Judging by what seems to be the acceptance of interracial marriage, I’m assuming this high-tech alternate 1950s came about in part because half the country wasn’t able to substitute enslaved Black bodies for actual technological innovation centuries earlier.
I’ll watch it for the aesthetic and in the hope that this is a loose adaptation of The Space Merchants rather than Crudup’s character secretly being a space alien.
Retrofuturism isn’t what it will used to be.
Edit for clarity
The trailer reminded me an awful lot of The Space Merchants by Frederik Pohl and C.M. Kornbluth. I would say that there’s some cross pollination at the very least.
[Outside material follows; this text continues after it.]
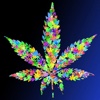 3D Weed Wallpapers HD: Quotes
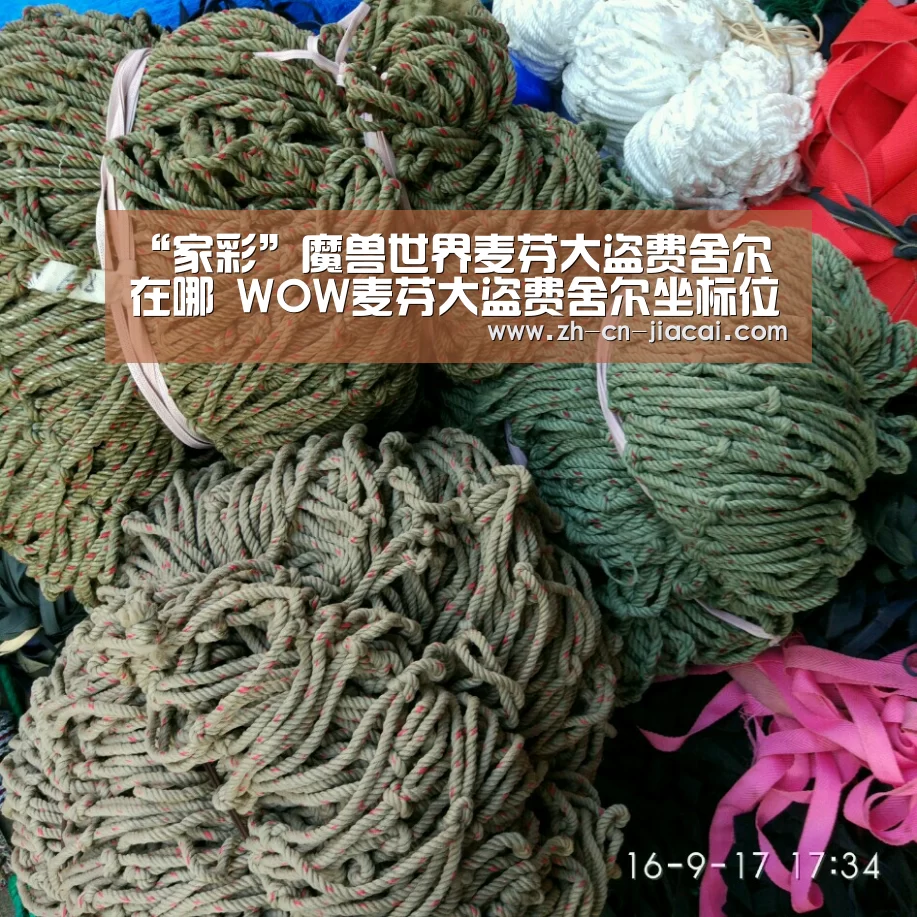“家彩”魔兽世界麦芬大盗费舍尔在哪 WOW麦芬大盗费舍尔坐标位置详解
Can’t work out if this is a comedy or a drama or what, it colour me intrigued. Just so long as it isn’t like ‘Tomorrowland’ which looked amazing, but was so dull…
I know, right? After making The Iron Giant, The Incredibles, and Ratatouille , who would have thought that Brad Bird was even capable of making such a frustratingly bad movie? I saw it in the theater for free and still wanted my money back.
Brad Bird’s movies have long had a subtle libertarian bent (like the “society is stifling the superheroes!” message from The Incredibles) but Tomorrowland was the first time he let that completely get in the way of telling a compelling story. Even the end credits sequence was animated in the style of an Ayn Rand cover.
If nothing else, Tomorrowland gave us Nix’s speech, which is still quite relevant.
The rest of the film was completely forgettable.
Maybe, but I thought it was a pretty unbelievably self-righteous speech considering that the asshole that was giving it had, over a period of years, stolen many of the world’s greatest minds who would otherwise be solving big problems to instead live and work in a private Randian paradise, then sent a bunch of murderous robots to kill anyone who might find out about it. At that point trying to find anything redeeming in that speech was just not something I was interested in.
But the worst part of the film was the ending where the heroes don’t learn a damn thing from Nix’s mistakes and decide to try the plan of building a Randian paradise again.
No ‘maybe’ about it; that’s MY personal subjective opinion, which I am allowed to have.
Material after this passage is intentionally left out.